WASHINGTON: Donald Trump a déclaré lundi sur son réseau Truth Social que les Etats-Unis allaient réclamer des "compensations" pour des attaques menées par l'Iran depuis des décennies contre des adversaires à l'étranger ou contre des manifestants sur son sol.

Le président américain a assuré que cette demande serait faite "fermement" dans toute négociation, en réponse à une exigence de longue date des autorités iraniennes, qui conditionnent tout accord sur le détroit d'Ormuz au versement de réparations américaines.

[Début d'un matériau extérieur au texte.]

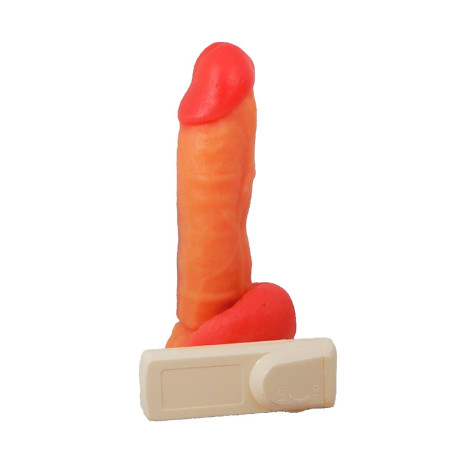 Kong Mini Realístico Vibrador Consolador y Ventosa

L'Iran "demande des compensations pour les dommages qu'ils ont subis pendant les cinq mois de conflit militaire", a écrit Donald Trump, "bien que cela n'ait jamais été évoqué dans aucune de nos négociations ou réunions."

"Mais c'est une idée intéressante parce que, de la même manière, je demande moi aussi des compensations à l'Iran, pour tous les gens qu'ils ont tués et blessés" dans des attaques et "conflits", dont "les familles de ceux tués sur l'USS Cole", un navire de guerre américain frappé par un attentat meurtrier en 2000 au Yémen, a ajouté le milliardaire républicain.

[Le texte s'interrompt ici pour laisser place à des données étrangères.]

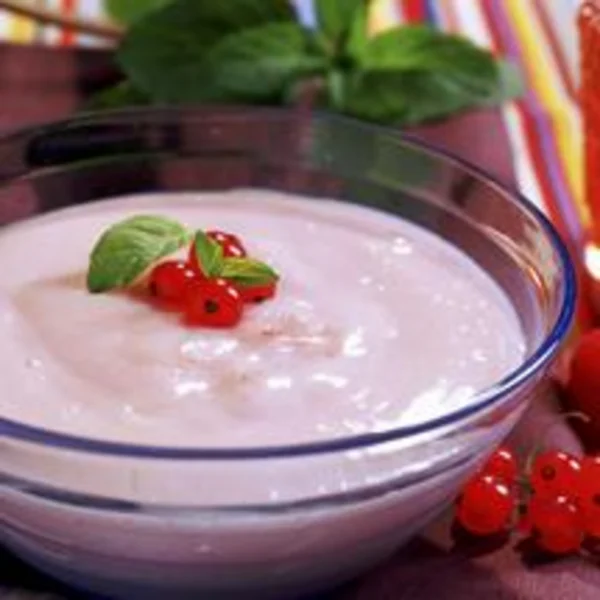 Crème légère aux fraises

Donald Trump a ajouté que "des compensations devraient être versées pour les familles des centaines de milliers de manifestants innocents que l'Iran a tués ces dernières cinquante années, sans même parler des 52.000 tués ces cinq derniers mois".

Un peu plus tard, dans une autre publication, le président octogénaire a jugé que l'Iran devait être tenu "responsable des dégâts et morts causés au Liban, en Syrie, au Yémen et à Gaza".

Ces nouvelles exigences de l'imprévisible dirigeant américain risquent de mettre hors de portée un accord rapide sur le détroit d'Ormuz, qui paraissait déjà bien improbable alors que l'Iran exige de son côté l'acceptation par Washington de "toutes" ses conditions.

Téhéran juge que les Etats-Unis doivent "mettre fin définitivement à la guerre et à l'agression" contre l'Iran et ses alliés, y compris au Yémen et en Irak, lever leur blocus des ports iraniens, "indemniser intégralement l'Iran pour les dommages causés" par les hostilités, lever les sanctions contre l'économie et débloquer "sans condition" les avoirs iraniens gelés.

Dimanche, Donald Trump a laissé entendre qu'il n'avait besoin d'engager ni une offensive militaire majeure ni un effort diplomatique particulier, en assurant qu'il lui suffisait d'"observer" les difficultés économiques de l'Iran.